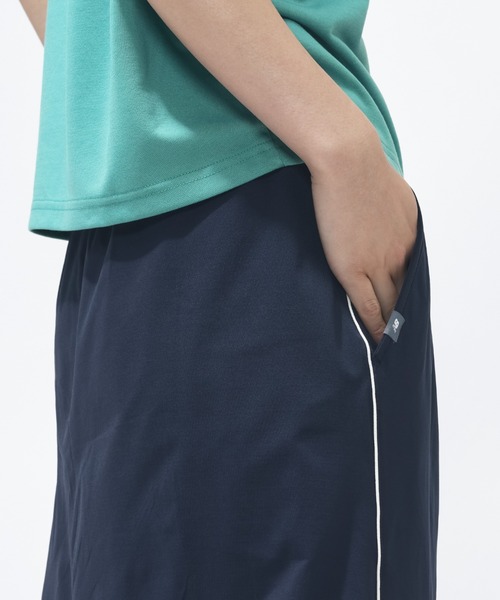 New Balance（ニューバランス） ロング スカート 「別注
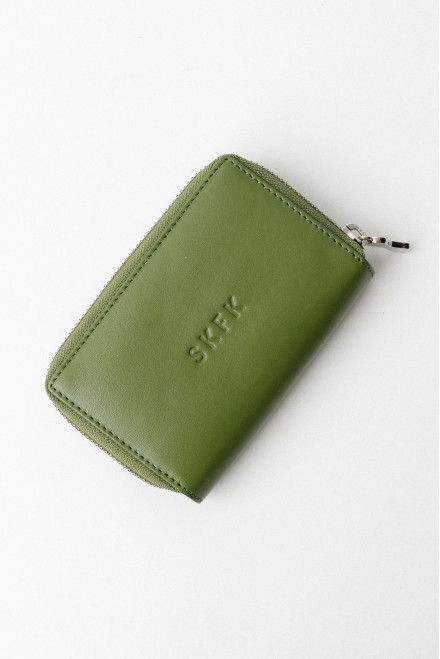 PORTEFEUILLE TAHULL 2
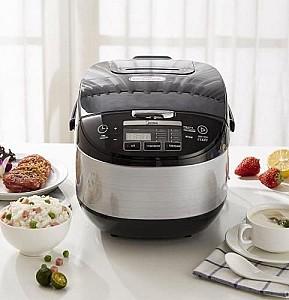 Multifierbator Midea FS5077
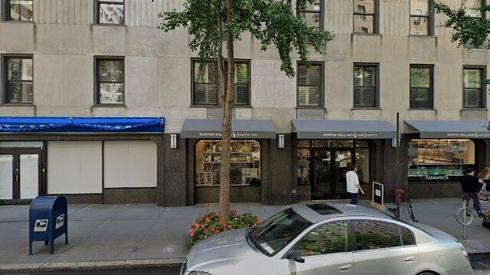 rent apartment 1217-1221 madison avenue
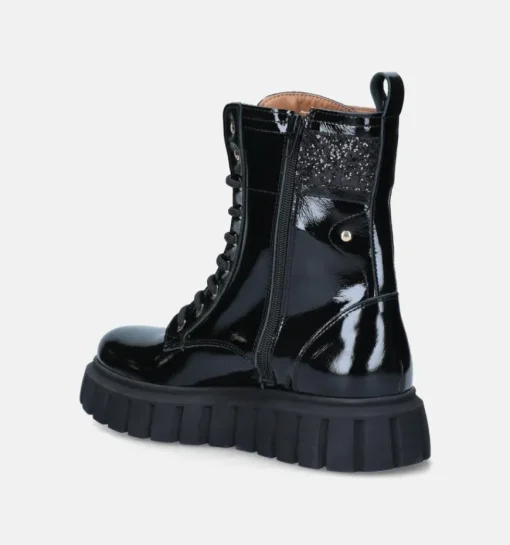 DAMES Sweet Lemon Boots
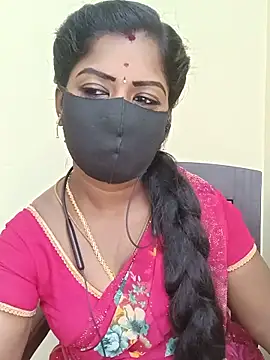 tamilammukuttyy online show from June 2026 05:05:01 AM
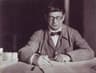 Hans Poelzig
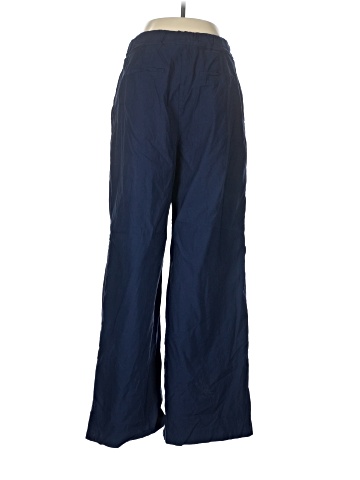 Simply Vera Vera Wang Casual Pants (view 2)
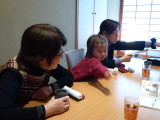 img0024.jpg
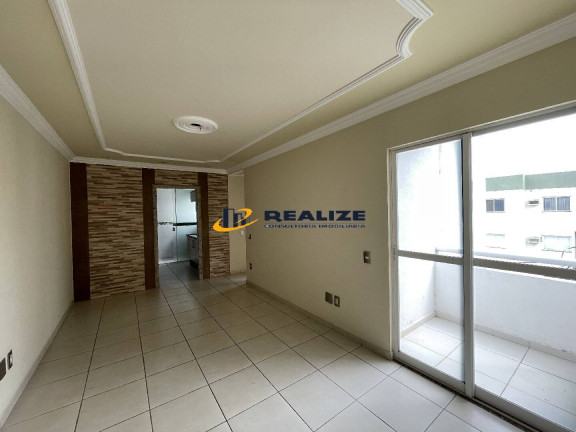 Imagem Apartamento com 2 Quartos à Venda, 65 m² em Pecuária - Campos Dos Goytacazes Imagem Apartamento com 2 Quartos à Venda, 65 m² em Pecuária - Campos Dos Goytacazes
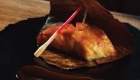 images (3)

To do
Images do not belong in the copy; reproduce all other parts of the records above verbatim.

Reply to the task
 New Balance（ニューバランス） ロング スカート 「別注
 PORTEFEUILLE TAHULL 2
 Multifierbator Midea FS5077
 rent apartment 1217-1221 madison avenue
 DAMES Sweet Lemon Boots
 tamilammukuttyy online show from June 2026 05:05:01 AM
 Hans Poelzig
 Simply Vera Vera Wang Casual Pants (view 2)
 img0024.jpg
 Imagem Apartamento com 2 Quartos à Venda, 65 m² em Pecuária - Campos Dos Goytacazes Imagem Apartamento com 2 Quartos à Venda, 65 m² em Pecuária - Campos Dos Goytacazes
 images (3)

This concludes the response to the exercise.